# Power Series

1. Nov 22, 2006

### tone999

another power series question...
I tried it for awhile but it just got out of hand and the ammount of numbers got unbearable.

Q. The increase in resistance of strip conductors due to eddy currents at power frequencies is given by :

X = yt divided by 2 (sinh yt + sin yt divided by cosh yt - cos yt )

If y = 1.08 and t = 1.3, calculate X, correct to 5 significant figures, using power series.

p.s. i dnt know which font it is to do the mathmatical language style :(

Any help would be greatly appreciated. thanks

2. Nov 22, 2006

### HallsofIvy

X = yt divided by 2 (sinh yt + sin yt divided by cosh yt - cos yt )
isn't clear. Do you mean
$$X= \frac{yt}{2}\frac{sinh yt+ sin yt}{cosh yt- cos yt}$$

(the other possibility is
$$X= \frac{yt}{2(\frac{sinh yt+ sin yt}{cosh yt- cos yt}}$$
which would be more simply written as
$$X= \frac{yt}{2}\frac{cosh yt- cos yt}{sinh yt+ sin yt}$$

In either case, the power series for sinh yt+ sin yt and cosh yt- cos yt are relatively simple:
$$sinh yt= yt+ (1/6)y^3t^3+ (1/5!)y^5t^5)+...$$
and
$$sin yt= yt- (1/6)y^3y^3z+ (1/5!)y^5t^5+...$$
so that
$$sinh yt+ sinyt= 2(yt+ (1/5!)y^5t^5+ (1/9!)y^9t^9+ ...$$
where the powers are of the form 4n+1. Since 1/(4n+1)! goes to 0 rapidly, you shouldn't need many terms to get that to 5 decimal places.

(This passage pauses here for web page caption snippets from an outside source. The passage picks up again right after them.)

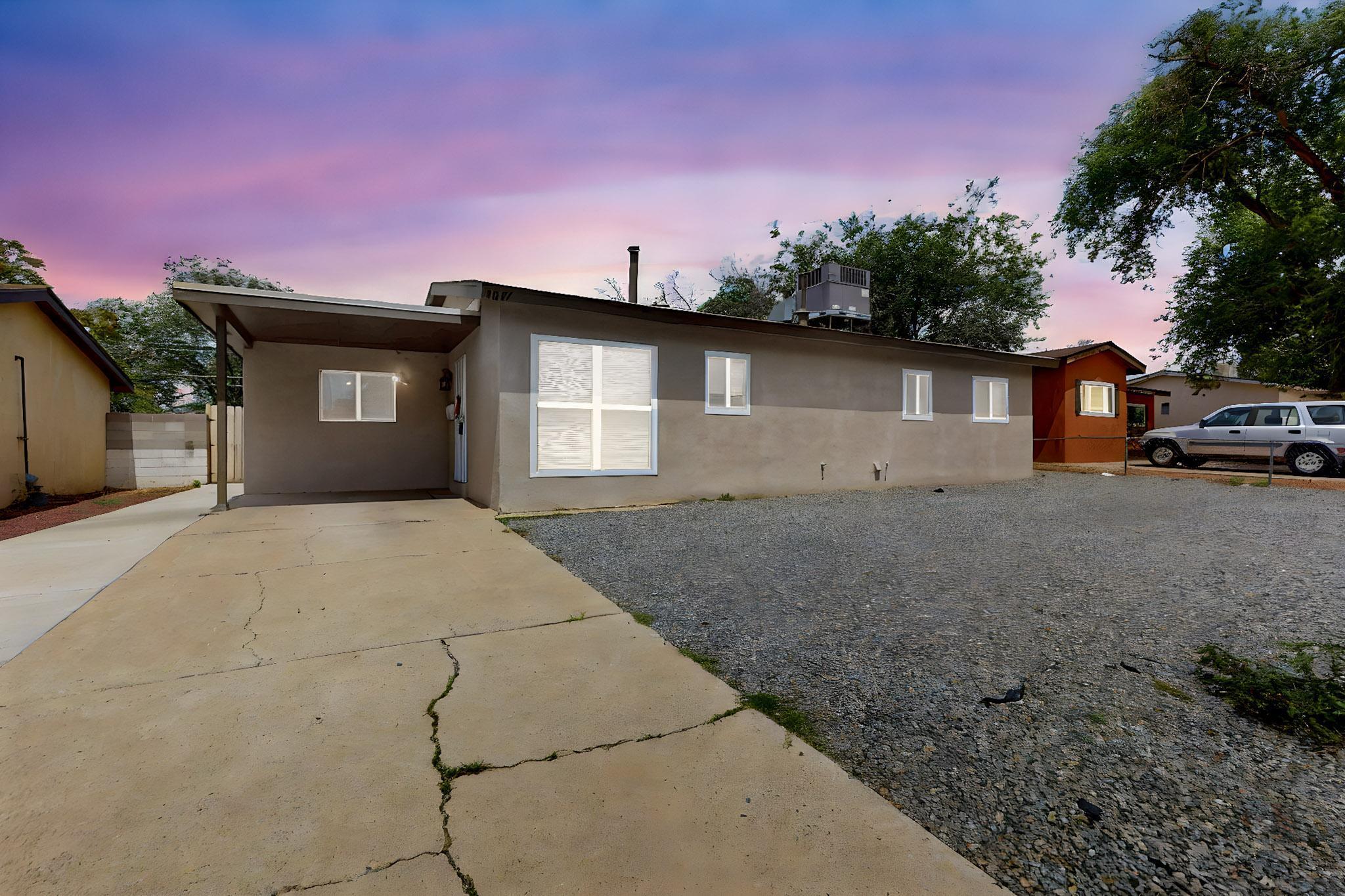 3-bedroom, 1-bath home in the desirable Princess Jeanne neighborhood of the NE Heights! Features include laminate flooring, a landscaped backyard, and cozy wall-mounted fireplaces (included). Major updates include a new A/C unit and TPO roof over the bonus room left of the living room, both installed in 2023. Enjoy easy access to parks, shopping, and freeways. The spacious yard offers room to relax or play. Functional layout makes this a great option for anyone seeking comfort and convenience.Note: Turf, swing set, workbench in shed, small freezer, and washer/dryer DO NOT convey.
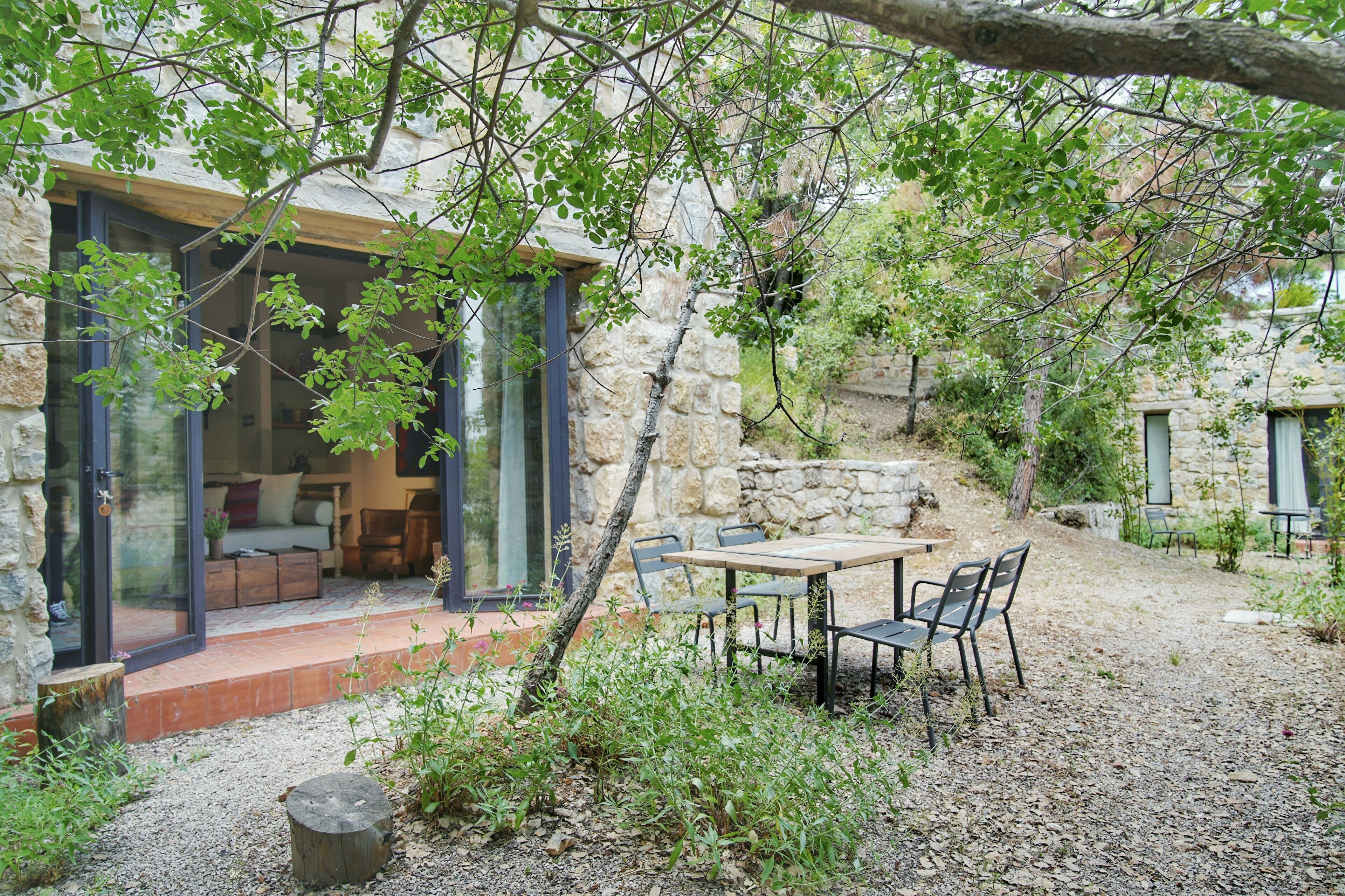 A stone building with a glass-enclosed patio, outdoor seating, and a view of the interior.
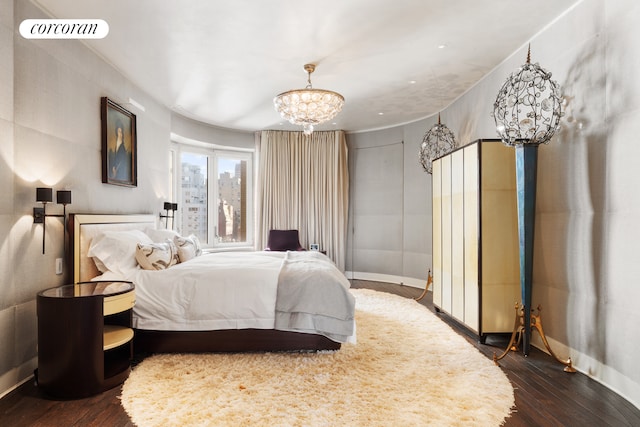 bedroom featuring dark wood-type flooring, baseboards, and a chandelier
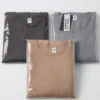 Three folded shirts in plastic packaging on a white surface, in black, gray, and tan colors with tags attached.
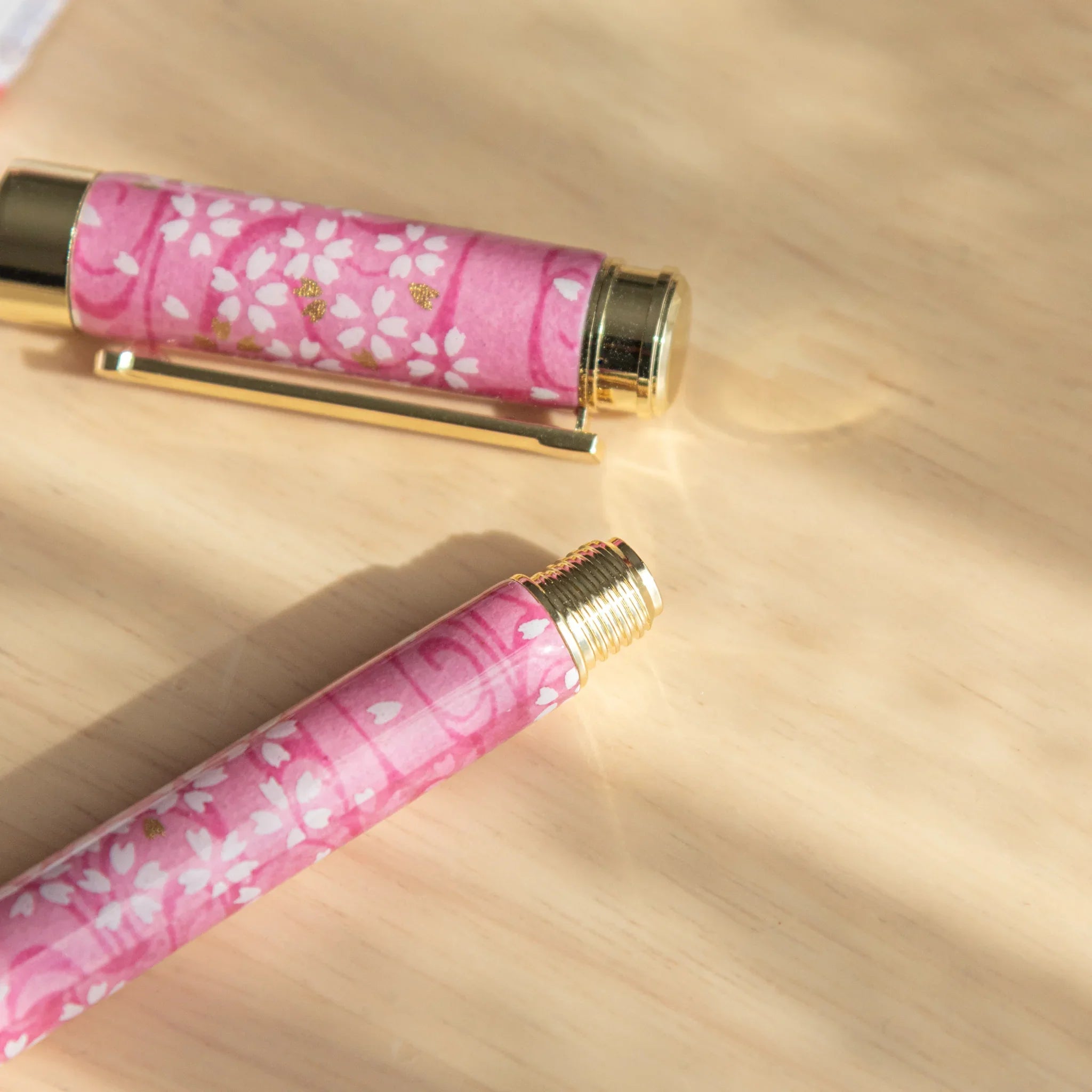 Close-up of the cap and barrel of a pink Mino washi Japanese fountain pen with white sakura print and gold metal fittings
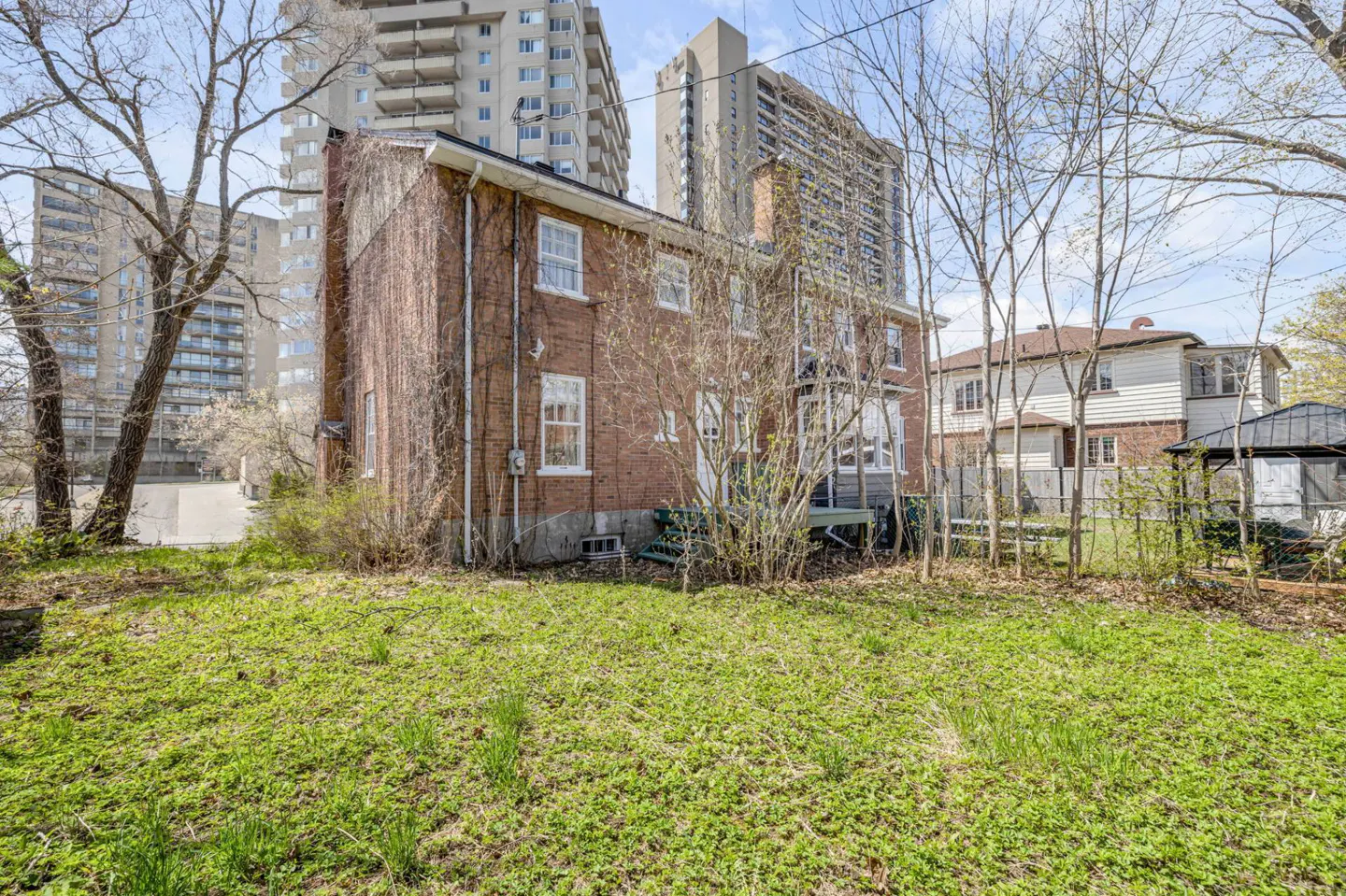 Backyard view of a two-story brick house with white windows, green lawn, and tall apartment buildings in the background.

$$cosh yt= 1+ (1/2)y^2t^2+ (1/4!)y^4t^4+ (1/6!)y^6t^6+ ...$$
$$cos yt= 1- (1/2)y^2t^2+ (1/4!)y^4t^4- (1/6!)y^6t^6+ ...$$
so
$$cosh yt- cos yt= 2((1/2)y^2t^2+ (1/6!)y^6t^6+ ...$$
where the powers are of the form 4n+ 4. Again, it shouldn't take many terms to get that to 5 decimal places.

3. Nov 27, 2006

### tone999

hi

hi sorry i took so long 2 come back to this problem.yes the first equation is the one i am using.
theres a few things i didnt understand firstly where do the divison parts come from eg (1/6) (1/2)?
and maybe its just a typo but should the z be there: "(1/6)y^3y^3z" and instead a t^3.
sorry to be so annoying